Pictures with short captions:
- - - - -

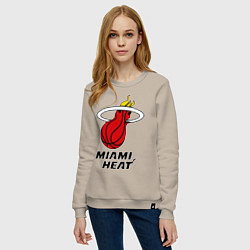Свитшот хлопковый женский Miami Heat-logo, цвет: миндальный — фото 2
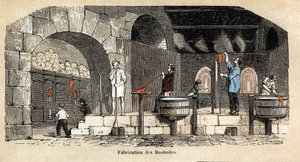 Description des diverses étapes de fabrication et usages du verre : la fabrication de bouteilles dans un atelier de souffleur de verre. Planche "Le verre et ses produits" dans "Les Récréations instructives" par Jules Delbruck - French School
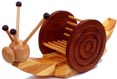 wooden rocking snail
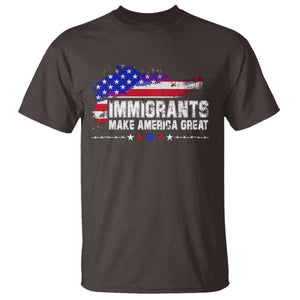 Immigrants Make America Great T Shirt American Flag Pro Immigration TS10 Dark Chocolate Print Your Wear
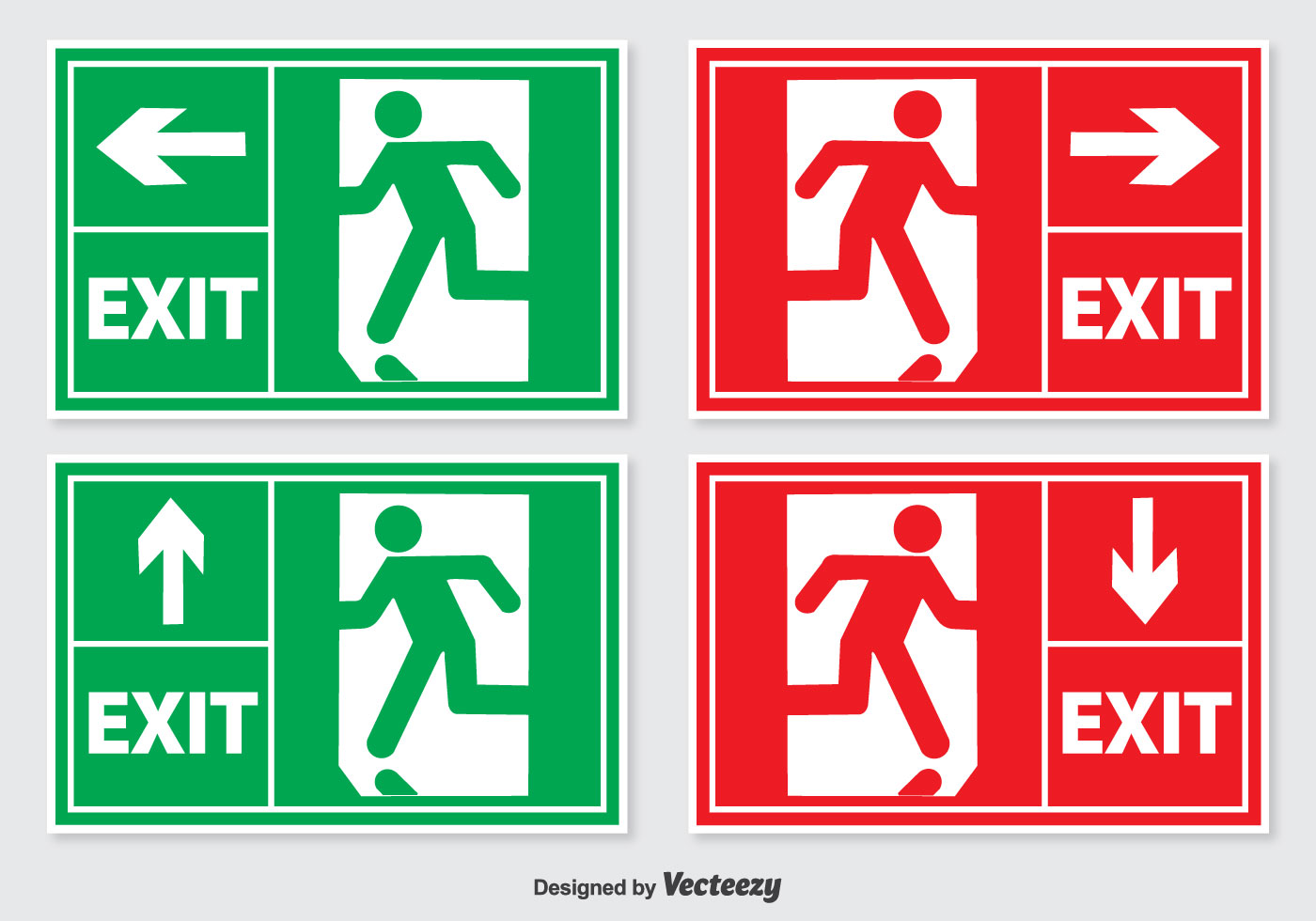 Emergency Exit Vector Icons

- - - - -

### Task statement
Quote the records above exactly, leaving out any pictures.

### Reply to the task
Свитшот хлопковый женский Miami Heat-logo, цвет: миндальный — фото 2
 Description des diverses étapes de fabrication et usages du verre : la fabrication de bouteilles dans un atelier de souffleur de verre. Planche "Le verre et ses produits" dans "Les Récréations instructives" par Jules Delbruck - French School
 wooden rocking snail
 Immigrants Make America Great T Shirt American Flag Pro Immigration TS10 Dark Chocolate Print Your Wear
 Emergency Exit Vector Icons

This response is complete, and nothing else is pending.